Khaleej Times logo Khaleej Times 11/07/2018 Sarwat Nasir
UAE space missions moving rapidly, says Nasa expert © Provided by Khaleej Times UAE space missions moving rapidly, says Nasa expert

The UAE's Hope spacecraft could have helped enhance Nasa's knowledge on Mars' current and extreme dust storms if it was already orbiting the Red Planet, as the giant dusters have put the Mars-based Opportunity Rover "in danger", a senior Nasa expert, who has been working on moon and Mars missions for the past 30 years, has said.

Dr Jim Rice, Nasa geology team leader and co-investigator on the Nasa Mars Exploration Rover Project Science Team, is scheduled to visit Dubai this month as a guest lecturer to the UAE's first Nasa-curriculum space camp that is being organised by Compass International, in collaboration with the UAE Space Agency.

Massive dust storms have spread all over the Red Planet in the past month, swallowing up Nasa's Opportunity rover. The US space agency had not heard back from the rover since June and the motor vehicle is currently in low-power mode.

"I'm looking forward to your nation's 2020 Mars Hope mission. It is unfortunate that the Hope mission is not at Mars right now because it would greatly enhance our knowledge of the massive dust storm that has enveloped the planet for the past month and put the Opportunity Rover, which I work on, in danger," Dr Rice told Khaleej Times in an exclusive interview.

Dr Rice also touched on the UAE's other space missions, which he said are moving rapidly and will help the space industry in various ways. Rice is also keen on exploring opportunities on how he can participate in some of the UAE's space projects.
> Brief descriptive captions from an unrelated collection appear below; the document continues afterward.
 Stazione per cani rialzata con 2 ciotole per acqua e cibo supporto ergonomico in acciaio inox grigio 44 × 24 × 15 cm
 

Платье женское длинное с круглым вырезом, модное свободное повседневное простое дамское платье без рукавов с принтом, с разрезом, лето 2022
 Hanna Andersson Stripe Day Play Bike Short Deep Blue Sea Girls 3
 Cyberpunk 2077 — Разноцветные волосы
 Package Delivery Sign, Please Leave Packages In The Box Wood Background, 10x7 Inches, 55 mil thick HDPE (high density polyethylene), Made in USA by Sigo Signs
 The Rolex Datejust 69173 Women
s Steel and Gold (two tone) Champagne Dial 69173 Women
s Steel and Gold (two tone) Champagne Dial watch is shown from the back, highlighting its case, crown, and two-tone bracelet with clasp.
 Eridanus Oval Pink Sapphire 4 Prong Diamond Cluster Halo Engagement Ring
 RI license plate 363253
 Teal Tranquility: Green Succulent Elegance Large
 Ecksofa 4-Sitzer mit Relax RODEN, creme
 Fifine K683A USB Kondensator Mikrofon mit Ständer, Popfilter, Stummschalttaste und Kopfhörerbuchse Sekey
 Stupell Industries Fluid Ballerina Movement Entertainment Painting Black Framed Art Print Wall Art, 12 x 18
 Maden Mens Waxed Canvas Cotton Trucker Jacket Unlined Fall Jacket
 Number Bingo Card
He said the UAE's mission to build an entire city on Mars by 2117 is an "interesting and ambitious long-term project" that should yield useful information about how to explore and live on Mars in the future.

"This project can be a very important stepping stone in humanity's quest to move mankind off this planet and on to Mars, thereby making us a multi-planet species. I personally hope to learn more about this effort first-hand while I am in your nation and possibly discuss any future participation in this project," Rice said. His career spans 30 years working on Nasa Moon and Mars missions, as well as conducting field geology investigations around the world in numerous Moon and Mars analog sites.

"I am impressed with the UAE's commitment and its plans for space exploration in both the manned and unmanned sectors. For a space agency that was formed just in 2014, things are moving very rapidly. I have read that the UAE astronaut selection programme started last year with the goal of sending four Emiratis into space within the next three years."

Dr Rice will be holding an educational discussion with students at the Space and Rocketry Academy Camp, which is being held from July 15 to August to 23 at the Lapita Hotel in Dubai Parks and Resorts.

"I am going to be discussing a wide range of space exploration topics with the students while I am in Dubai. These topics will range from the early history of the Space Age (1950s and 1960s) to the major discoveries of current ongoing Mars missions, as well as talking about future Mars missions being planned around the world including the UAE's 2020 Hope Mission to Mars. I will also be discussing some basic orbital mechanics addressing the timing of when and how missions can be launched to Mars, the selection process for Mars landing sites, the effects of space travel on the human body and why space exploration is important for our future," he said.